3.6.5 Groenplan De groene draad (2007)

Het groenbeleid is vastgelegd in 'De groene draad - kansen voor het Nijmeegse groen' en heeft als doelstelling:

  • inzicht te geven in het totaal van groene ontwikkelingen in en om de stad en hun onderlinge samenhang;
  • een sturingsinstrument voor het bestuur te zijn voor groene ontwikkelingen in de stad;
  • vanuit een groen toekomstperspectief een gids of leidraad te zijn voor toekomstige stedelijke ontwikkelingen;
  • de groene ambities te benoemen voor de komende jaren die vertaald worden in een uitvoeringsprogramma.

De hoofdgroenstructuur en de hoofdbomenstructuur zijn de basis en de ruggengraat van het groen in Nijmegen. Deze structuren houden we dan ook in stand. In bestemmingsplannen gaat het dan om de bestemmingen Groen, Natuur en Bos. Daarnaast kennen ook andere plekken een groene bestemming bijvoorbeeld kleinere groenplekken op wijkniveau.

De Donjon wordt gebouwd in het Valkhofpark en zal onderdeel worden van het park. Met de bouw van de Donjon wordt een functie aan het park toegevoegd waardoor het gebruik van het park zal toenemen. De bouw van de Donjon biedt ook kansen voor het park, het gebouw voegt zich naar de open ruimte in het park. Na de bouw van de Donjon wordt het gehele park gerenoveerd waardoor park en gebouw een geheel gaan worden.

3.6.5.1 Conclusie

Door de bouw van de Donjon gaat een klein deel van de groene bestemming verloren. Hiermee verdwijnt een klein deel van de hoofdgroenstructuur. Gelet op de functie van het gebouw en de kansen die ontstaan, is deze wijziging acceptabel.

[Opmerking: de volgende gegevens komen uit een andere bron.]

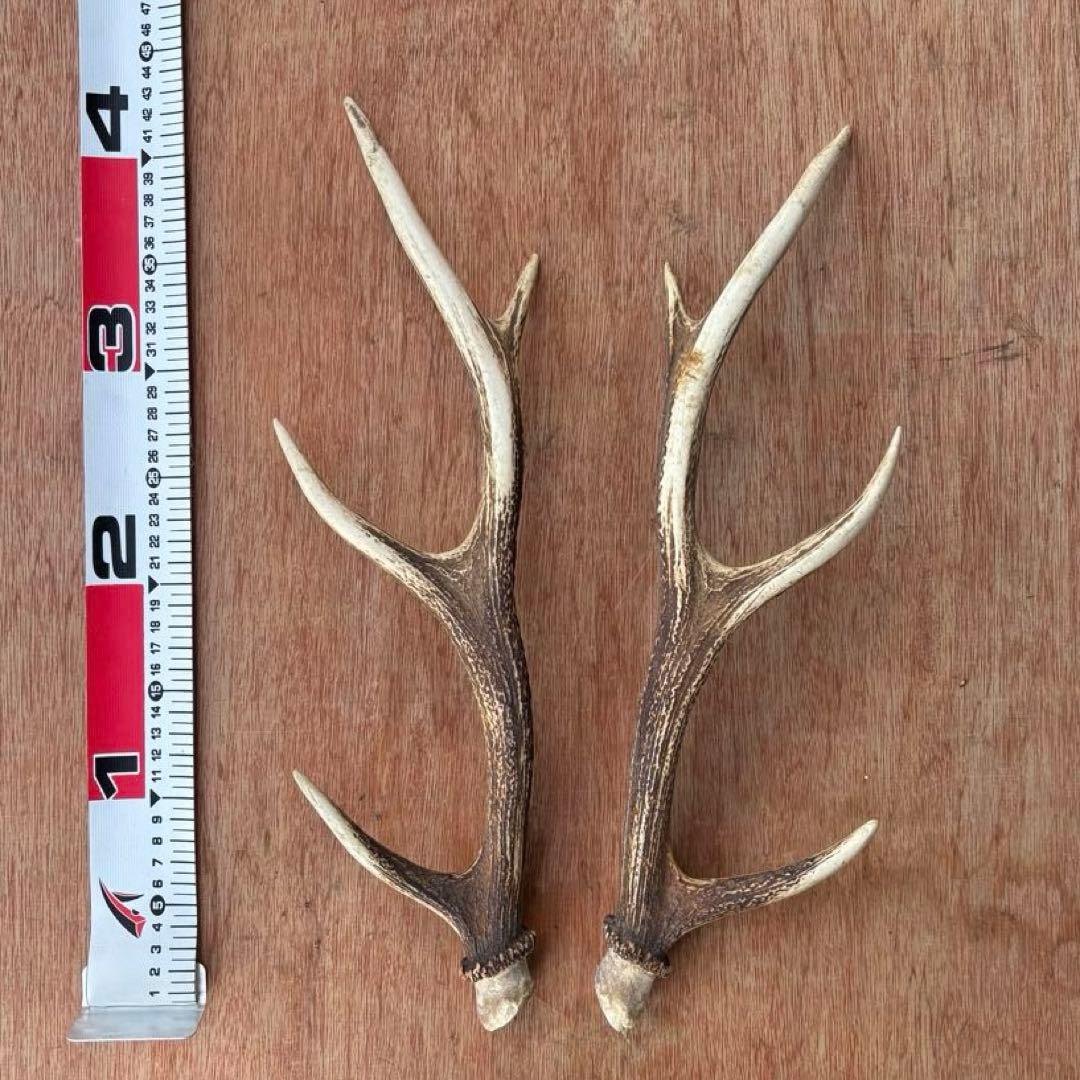 鹿の角 一対（2本セット）14 - メルカリ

3.6.6 Handboek stadsbomen (2009)

Het Handboek Stadsbomen is een uitwerking van het Groenplan “De Groene draad, kansen voor het Nijmeegse groen'. Het Handboek Stadsbomen vormt het kader voor inrichtingsplannen en beheerplannen voor de openbare ruimte waar het bomen betreft. Het handboek is daarnaast te definiëren als toetsingskader voor ruimtelijke plannen en initiatieven en biedt inzicht in de beleidsuitgangspunten ten aanzien van bescherming, aanplant, beheer en kap van bomen.

De hoofddoelstelling van het Handboek Stadsbomen is het waarborgen van de duurzame instandhouding van het Nijmeegs bomenbestand door middel van behoud èn ontwikkeling.

De volgende uitgangspunten staan daarbij centraal:

  • Optimale inzet van middelen.
  • Waarborgen van een vitaal bomenbestand.
  • Zorgen voor draagvlak; zorgvuldig afwegen, bewust besluiten en tijdig communiceren.
  • Meer bomen en meer kronen. Inzet op kwantiteit en kwaliteit.

Het Handboek Stadsbomen heeft betrekking op alle bomen binnen de gemeentegrenzen. Dat zijn dus niet alleen de park-, laan- en straatbomen, maar ook bomen in tuinen en op particuliere terreinen. Voor bosopstanden, bosplantsoen en bomen in natuurgebieden gelden andere beleidskaders en wet- en regelgeving.

In het Handboek Stadsbomen is de hoofdbomenstructuur opgenomen. Deze structuur vormt samen met de hoofdgroenstructuur de basis van het groen in Nijmegen. De hoofdbomenstructuur leggen we niet vast in bestemmingsplannen maar wordt wel beschreven in de toelichting en speelt daarmee wel een rol in bestemmingsplannen.

Vanuit de gemeente is tijdens het planproces aangegeven dat er zoveel mogelijk bomen behouden moeten blijven. In 2011 heeft het gemeentebestuur het belang van grote bomen in de stad onderstreept door een lijst van monumentale en bijzondere bomen vast te stellen. In het Handboek Stadsbomen staat de volgende tekst over deze bijzondere categorie bomen:

...// Bomen in een stedelijke omgeving worden gemiddeld maar enkele tientallen jaren oud... Het aantal bomen dat de maatschappelijke en ruimtelijke ontwikkelingen van de laatste decennia heeft doorstaan is dus beperkt...Daarmee ontstaat binnen het bomenbestand een bijzondere categorie bomen waarvoor een zwaarder beschermingsregime is gewenst en een zo goed mogelijke ontwikkeling en bescherming van deze bomen is gegarandeerd //...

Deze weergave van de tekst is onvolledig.